I had been told we were moving to a brand new purpose built set of offices on 2 floors where I, my tutors, admin staff and trainees would have sole use of the top floor. I started on April 2nd and we moved into the new building in December of that year. In between times we tutored in their old building, where one classroom was virtually in the reception area of the offices, and for 2 months were sent out to the basement floor of a local print works. I was given an office in that basement, while my tutors worked from the empty new building but came across to tutor.

I had promised both young ladies I would find them work when we returned and the one who had been doing my secretarial work on the trip joined in July as my secretary and secretary to the tutors. In the first 3 months, before trainees started, my job was to write all the courses and interview, and appoint, the tutors. It was agreed we would have 2 full time and 3 part time tutors. We advertised and I decided that I would hold a group interview with a dozen or so I thought suitable. I asked them to prepare a brief example of how they would deal with a subject that would be taught to our trainees and deliver the 5 minute piece to everyone else.

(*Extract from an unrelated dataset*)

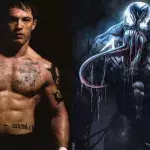 Tom Hardy trainiert wie ein Verrückter im Ring für die Rolle von Venom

It is a well-known fact I do not suffer fools. It seems amazing that I managed to pick 10 out of 12 who fitted that category. Two turned up late, one chose to write her session on the white board but couldn't spell, one forgot what she was talking about. My wife, who wanted to continue doing training, also applied. She and one other impressed enough to be given the full time positions. I managed to find 3 part timers and we were ready for trainees in August.

There was so much disruption in those first months that the the undercurrent of personal problems probably got hidden. I spent my time pacifying tutors who were effectively working in a building site or a cellar, trainees who were being talked down to by tutors and the beginnings of a personal attack that would emerge next year. I think that is enough for this year though, don't you?